Bus Penuh Penumpang Terjun ke Ngarai Kashmir, 21 Tewas dan Puluhan Orang Terluka

Sedikitnya 21 orang tewas setelah sebuah bus penumpang yang penuh sesak tergelincir dari jalan dan jatuh ke jurang curam berbatu di Kashmir yang dikuasai India. Kecelakaan ini juga melukai sekitar 45 orang, dan sejumlah korban dilaporkan dalam kondisi kritis.

Insiden itu terjadi di dekat desa Kanote, distrik Udhampur, Jammu dan Kashmir, sekitar pukul 08.30 waktu setempat pada Senin, menurut Kashmir News Service. Bus berkapasitas 42 kursi itu membawa lebih dari 60 penumpang dari Ramnagar menuju Udhampur saat menabrak bajaj di tikungan tajam di kawasan pegunungan.

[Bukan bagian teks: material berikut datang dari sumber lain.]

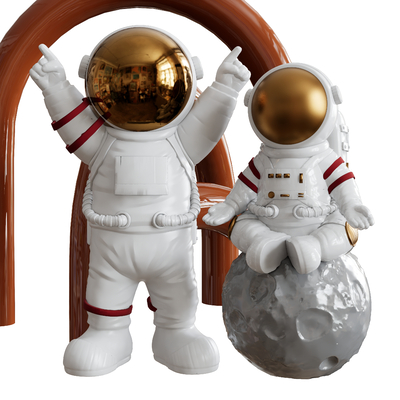 Spaceman Sculpture Sculpture Ornaments Moon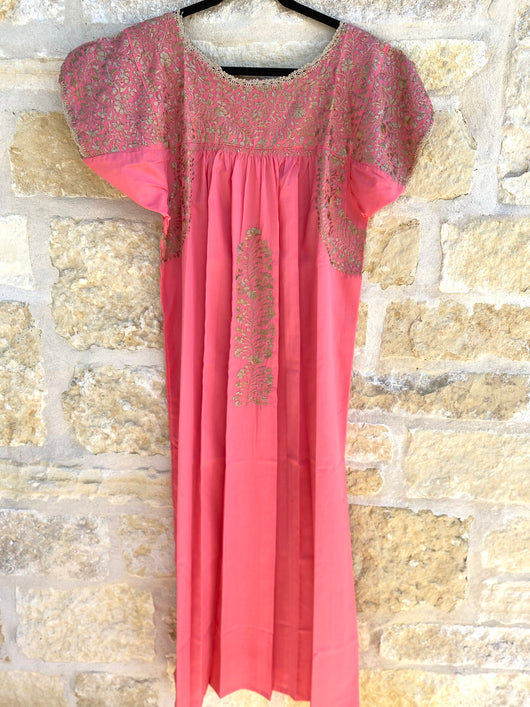 Pink with Gold San Antonino Dress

Bus jatuh sekitar 30 meter ke bawah jurang

Pejabat sipil Prem Singh mengatakan kendaraan itu keluar jalur dan terjun sekitar 30 meter ke dasar jurang. Ia menyebut 19 korban meninggal di lokasi kejadian, sementara dua lainnya mengembuskan napas terakhir di rumah sakit setelah sempat dievakuasi, seperti dilaporkan The Associated Press.

Laporan dari lapangan menunjukkan proses evakuasi berlangsung dalam kondisi sulit karena banyak korban mengalami luka serius. Sejumlah korban kemudian dibawa ke berbagai fasilitas kesehatan untuk mendapatkan penanganan medis lebih lanjut.

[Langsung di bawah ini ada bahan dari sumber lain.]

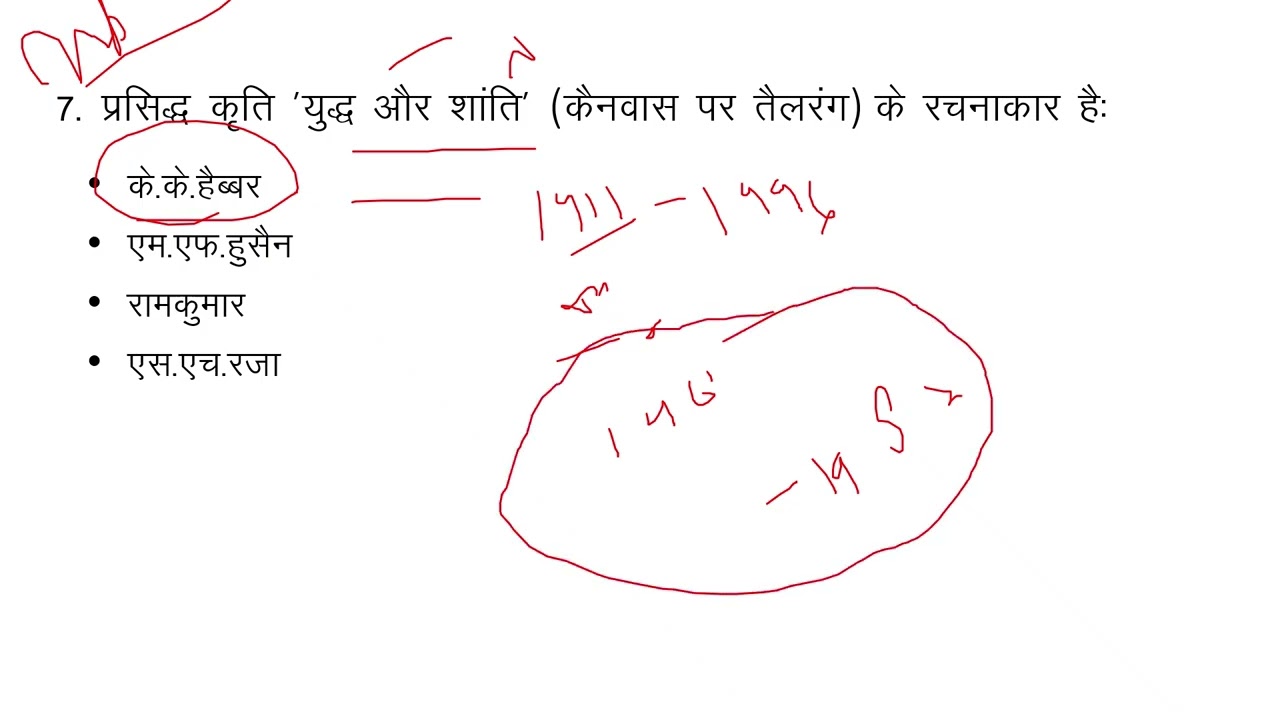 UP TGT PGT LT KVS DSSSB KALA 2025 | Important MCQ Questions | Art & Painting Practice Se 9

Sebagian korban mengalami trauma kepala dan pendarahan internal

Seorang pejabat kesehatan di Sub-District Hospital Ramnagar, yang dikutip KNS, menyebut sebagian besar korban tewas akibat trauma kepala parah dan pendarahan internal. Kondisi itu menunjukkan kerasnya benturan saat bus menghantam dasar jurang di wilayah pegunungan tersebut.

Dugaan awal juga menyoroti kepadatan penumpang sebagai faktor yang memperburuk dampak kecelakaan. Jalan berkelok, tikungan tajam, dan medan pegunungan yang berat ikut meningkatkan risiko saat kendaraan melintas di kawasan itu.

Sorotan pada keselamatan jalan raya di India

Pihak berwenang belum menjelaskan secara rinci siapa yang bertanggung jawab langsung atas kecelakaan tersebut. Namun peristiwa ini kembali menimbulkan perhatian pada tingginya angka kecelakaan lalu lintas di India, yang setiap tahun menelan ratusan ribu korban tewas dan luka-luka.

Musibah di Kashmir juga memperlihatkan tantangan keselamatan transportasi darat di wilayah pegunungan. Dalam situasi seperti ini, kepadatan penumpang dan kondisi jalan yang menanjak menjadi kombinasi berbahaya bagi kendaraan umum.

Belasungkawa dan bantuan dari pemerintah

Perdana Menteri India Narendra Modi menyampaikan belasungkawa melalui media sosial dan mengumumkan bantuan uang bagi keluarga korban. Ia menulis, “I extend my heartfelt condolences to those who have lost their near and dear ones. I pray for the speedy recovery of the injured.”

Pernyataan itu menambah sorotan nasional terhadap kecelakaan yang menewaskan puluhan orang tersebut. Sementara itu, penanganan korban terus dilakukan di berbagai rumah sakit sambil identifikasi korban dan pendampingan keluarga berlangsung di sekitar lokasi kejadian.